# Forum Home Renovation Landscaping, Gardening & Outdoors  replacing front yard soil

## havabeer

so re doing the front yard at the moment, have taken approx 200mm or so of clay and crap off the top and i'm replacing it with some proper "native specific garden soil"   i want to try and level it off as best i can following the red line in the picture below, doesn't have to be perfect but a stead taper towards the front fence would be good. I'm just wondering what or if i need to do anything compacting wise. Obviously when laying a path on sand for pavers etc i would screed, compact, screed, compact until its all flat. I'm just a bit unsure if i need to do this with the garden soil. I obliviously don't want to it rock hard. but:   do i throw the soil down screed it off lightly stomp or hand tramp the whole lot throw some more soil on and screed it off   i'm going to be walking around on it a fair bit putting in some native grasses, lighting some stepping stones etc and you sink a fair way into the soil at the moment when walking around at the moment (green arrow). so how compact should garden soil be? I assume its not too big of a problem as i can just looses up the area's when we put plants in    also not sure if i'll put some mulch or woodchip on top. Aiming for a fairly low height and low maintenance garden with just native grasses (lomandra lime tuff and little cons), a decorative boulder and the Grasstree/black boy as the feature which is why he's already there    
little con

----------


## John2b

If the soil is light and fluffy it will slump badly in the first heavy rain.

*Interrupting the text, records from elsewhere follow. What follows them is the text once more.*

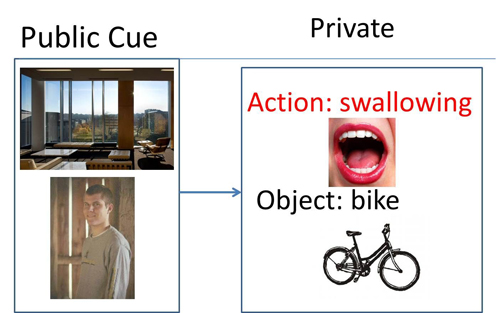 Password Scheme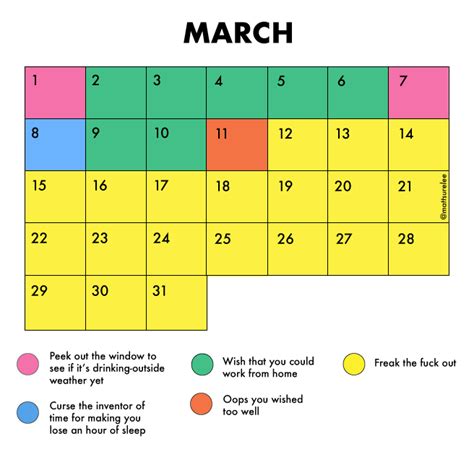 Updated March Schedule Rmattshirleycharts
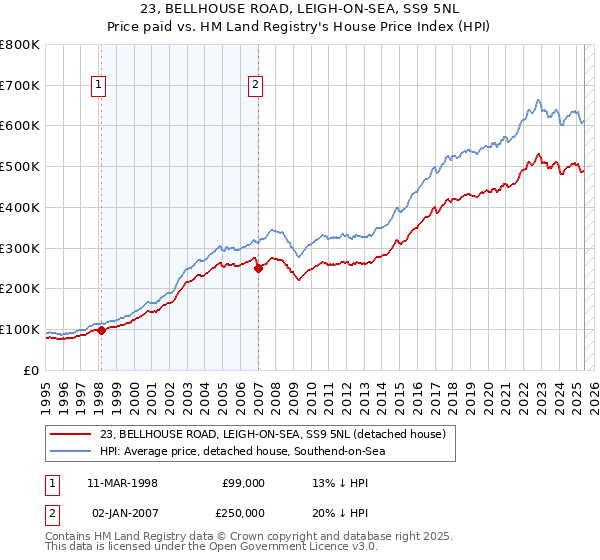 23, BELLHOUSE ROAD, LEIGH-ON-SEA, SS9 5NL: Price paid vs HM Land Registry's House Price Index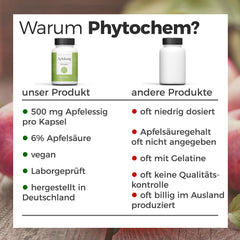Phytochem ābolu sidra etiķis 180 kapsulas, augsta deva ar 500 mg ābolu sidra etiķa pulvera vienā kapsulā, vegāns un bez piedevām, laboratorijā pārbaudīts, 3 mēnešu krājums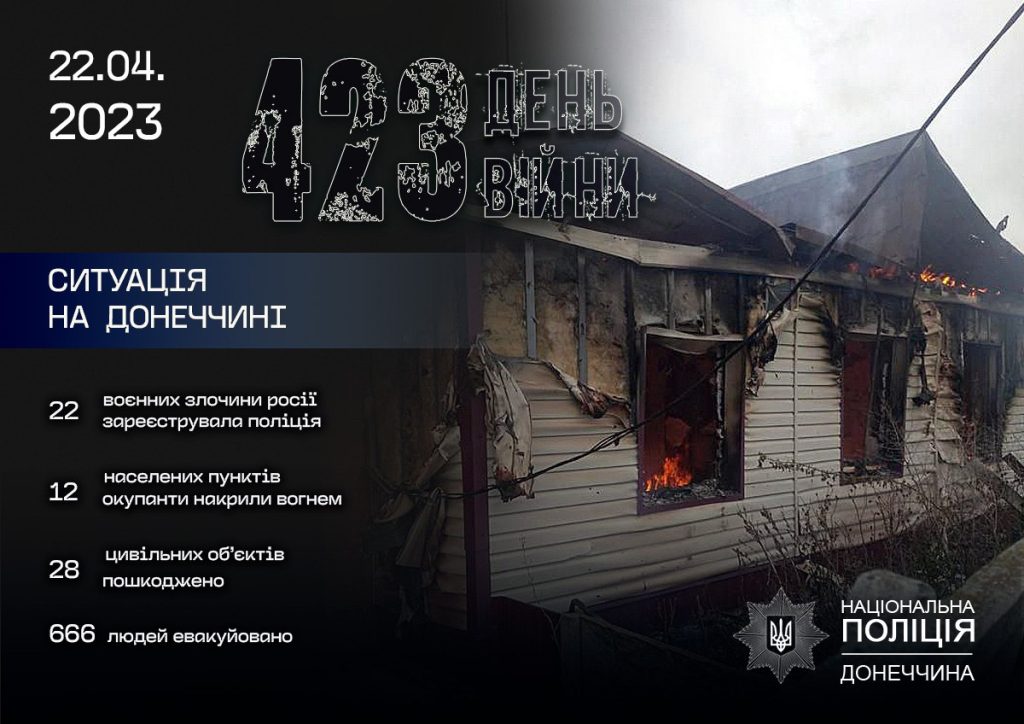 Поліцейські Донеччини задокументували 22 воєнних злочини росії. Є  жертви серед цивільних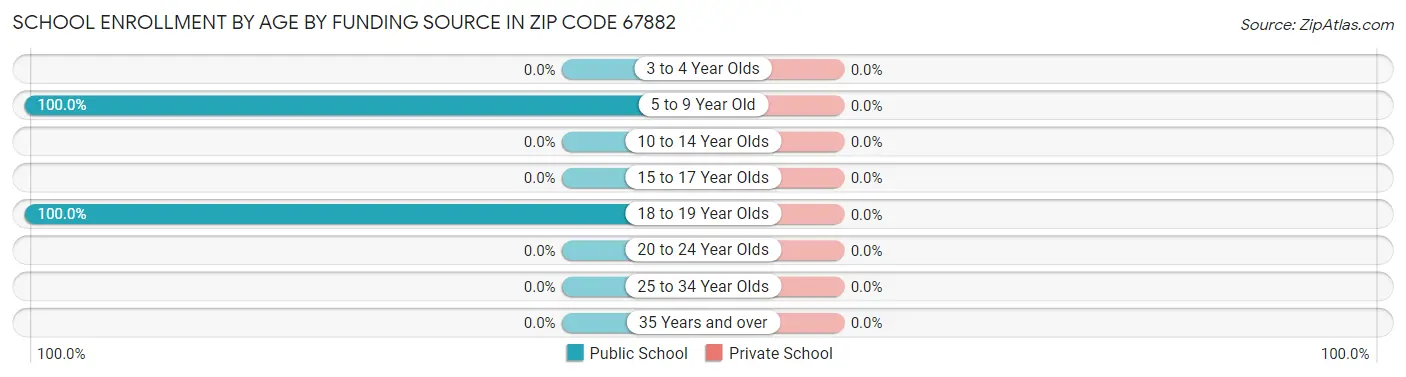 School Enrollment by Age by Funding Source in Zip Code 67882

I probably run a small roller over it, also to even out bumps and dips that would otherwise cause water to pool.

----------


## johnc

My approach would be rake and screed to get your garden levels, give it a good drink with soaker hose or sprinkler which will help it settle by getting rid of air pockets. Rinse and repeat with rake and screed. It isn't a lawn, with our garden beds we have always had height variation with rises and falls depending on how we want water to pool or move away.

----------